The hospital chapel is without a doubt one of the saddest places when you think that these people may well have prayed endlessly for their affliction to end, and yet help was not on the way. Before I get too misty-eyed about the sufferers of leprosy, the museum was keen to show us that they were not without sin and many unwanted pregnancies occurred between patients, due to the not entirely sensible decision to house men, women and children all together in a random fashion.
Upon buying the 70kr ticket to the museum, you are given a voucher that entitles you to 50% off other museums in the city. For such a diminutive city, Bergen offers a lot of cultural attractions. My suggestions would be KODE (100kr) for modern art and the Bryggen museum (70kr).

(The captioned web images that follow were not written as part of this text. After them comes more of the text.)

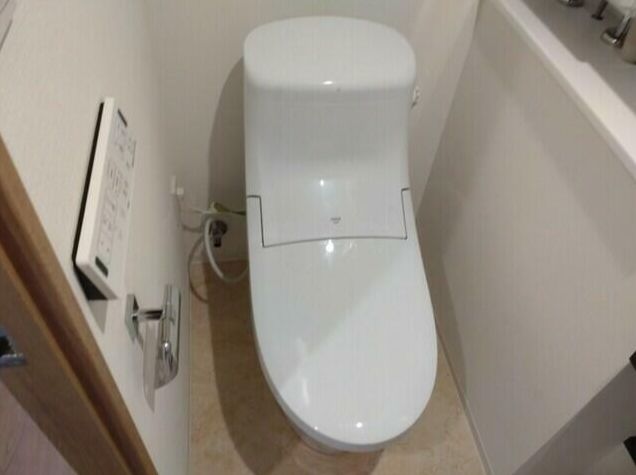 トイレ　ウォシュレット付きが嬉しいトイレです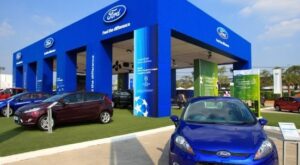 Medienberichte: Ford-Aktie sinkt: Ford will größere Unabhängigkeit von VW-Technologie bei E-Autos erreichen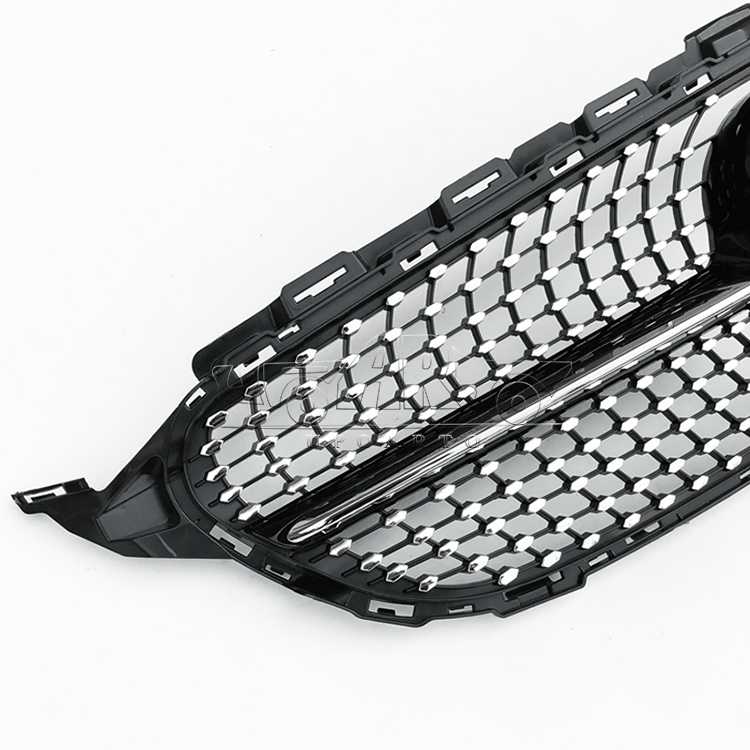 W205 FRONT GRILLE.jpg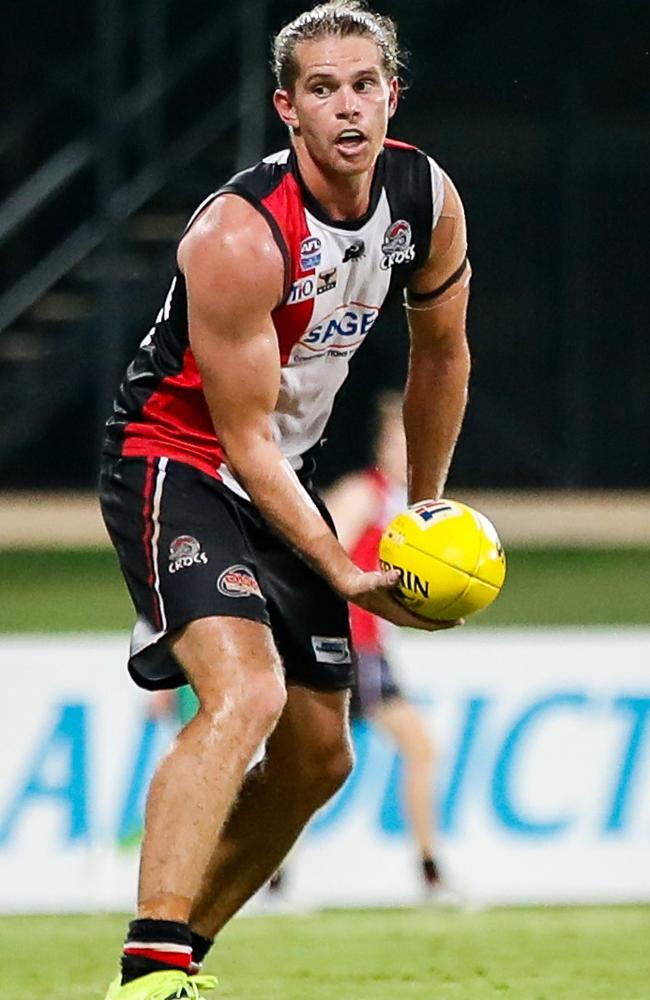 Jed Anderson playing for Southern Districts in the 2023-24 NTFL season. Picture: Celina Whan / AFLNT Media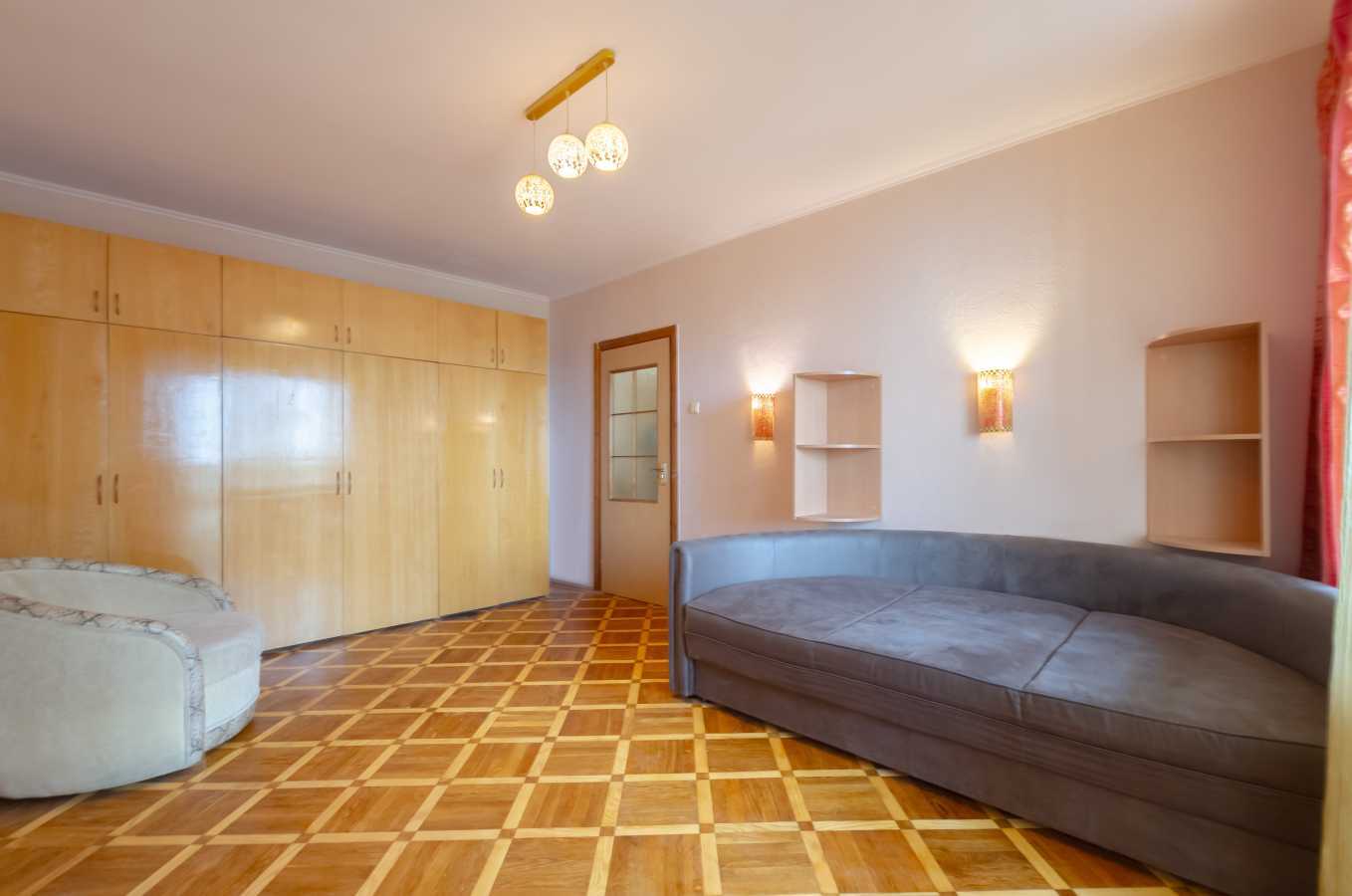 Продаж 2-кімнатної квартири 67 м², Вишняківська вул., 13Б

All cultural excursions require coffee and cake and Bergen has a branch of Godt Brød, a chain of bakeries that far exceeds expectations. Words failed me when a cardamom bun the size of the plate turned up. It was simply superb, just like the coffee, all within a stylish interior that is designed to have you lingering over your snack rather than rushing out. Upon finishing the bun, it was time to head to Bergen airport and wave goodbye to Norway.
I didn’t feel too sad because I knew that this would not be my last time visiting Norway. The country has firmly cast a spell on me and armed with the knowledge that Norway is a destination that can be budget-friendly, the perfect holiday of city and country can be had.
If the Norway in a Nutshell tour had me salivating at the beauty on offer, I can only imagine how I’ll react to the northern lights tours, or the Hurtigruten boats around the fjords, or the Lofoten Islands.
Oh Norway, in the words of Louis Walsh on X Factor, you’ve got it all!